The Ascension depicted at St Peter and Paul church in Mauren, Liechtenstein (CNS)

I hope all readers had a happy feast of the Ascension. For most people in this country it was Ascension Sunday that you celebrated; but for me and a small minority it was Ascension Thursday.

I have been away on retreat, staying in a strictly enclosed Benedictine monastery. On arrival I asked what was happening on the Thursday, and this is what I was told: “Here we celebrate the Ascension on Thursday, by special permission. Celebrating it on Sunday would mean that the novena between Ascension and Pentecost would make no sense.”

Funnily enough, this aspect of the great question had never occurred to me. Given that Ascension is on a Thursday and the feast of Pentecost the Sunday after next, that means that there is a nine day gap between the two, and this nine day gap, traditionally the time when the Church waits in prayer for the coming of the Holy Spirit, is the reason we keep novenas. This is the original ur-Novena.

It says in the Acts of the Apostles, 1:12-14:

Then [ after the Ascension] they returned to Jerusalem from the mount called Olivet, which is near Jerusalem, a sabbath day’s journey away. When they entered the city they went to the upper room where they were staying, Peter and John and James and Andrew, Philip and Thomas, Bartholomew and Matthew, James son of Alphaeus, Simon the Zealot, and Judas son of James. All these devoted themselves with one accord to prayer, together with some women, and Mary the mother of Jesus, and his brothers.

Not only was this the first ever novena in the history of the Church, and the pattern of all future novenas, it was also the most distinguished one in Church history, consisting of the eleven apostles, the holy women, and the Mother of God Herself.

Despite this, I have the distinct feeling that novenas are going out of fashion. It is time they were revived, and the same goes for Octaves too, the custom of marking the eighth day after a feast and the period in between. The Easter Octave is still with us, but the Octave of the Assumption, which ends with the feast of the Queenship of Mary is one celebration that I have never witnessed. As a child, I do remember making a novena before the feast of the Immaculate Conception.

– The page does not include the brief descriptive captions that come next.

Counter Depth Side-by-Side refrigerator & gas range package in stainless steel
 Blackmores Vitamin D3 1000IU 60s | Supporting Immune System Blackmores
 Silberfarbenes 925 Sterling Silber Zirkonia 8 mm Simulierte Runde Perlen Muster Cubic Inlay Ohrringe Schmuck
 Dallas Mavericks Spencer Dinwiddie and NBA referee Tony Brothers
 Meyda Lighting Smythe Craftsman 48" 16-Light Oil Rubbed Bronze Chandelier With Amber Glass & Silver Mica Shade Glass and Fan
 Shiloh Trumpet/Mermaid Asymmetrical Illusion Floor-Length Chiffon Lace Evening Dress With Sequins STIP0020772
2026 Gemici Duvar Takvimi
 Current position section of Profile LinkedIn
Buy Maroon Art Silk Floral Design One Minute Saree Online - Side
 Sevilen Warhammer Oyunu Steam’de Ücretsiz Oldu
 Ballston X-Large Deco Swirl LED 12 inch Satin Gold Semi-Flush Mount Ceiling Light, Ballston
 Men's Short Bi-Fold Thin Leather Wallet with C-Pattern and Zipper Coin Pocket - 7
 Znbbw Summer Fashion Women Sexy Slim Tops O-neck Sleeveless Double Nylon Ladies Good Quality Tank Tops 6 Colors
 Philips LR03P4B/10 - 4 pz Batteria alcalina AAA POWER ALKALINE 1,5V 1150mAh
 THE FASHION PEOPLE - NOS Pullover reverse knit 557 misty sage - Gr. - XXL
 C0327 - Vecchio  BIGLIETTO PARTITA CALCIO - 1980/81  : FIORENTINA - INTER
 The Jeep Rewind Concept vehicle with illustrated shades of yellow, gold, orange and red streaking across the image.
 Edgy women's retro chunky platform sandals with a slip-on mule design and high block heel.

I suppose what we are witnessing here is the disappearance of the concept of sacred time; this is a huge pity, for a tradition once lost can only with great difficulty be restored. We can hardly complain about Christmas concerts and Christmas parties in the first weeks of December when we ourselves go along with this creeping secularisation. I asked last year about the restoration of the Ascension to the Thursday, and there was some talk of putting it back in its original place.

Is it worth asking again?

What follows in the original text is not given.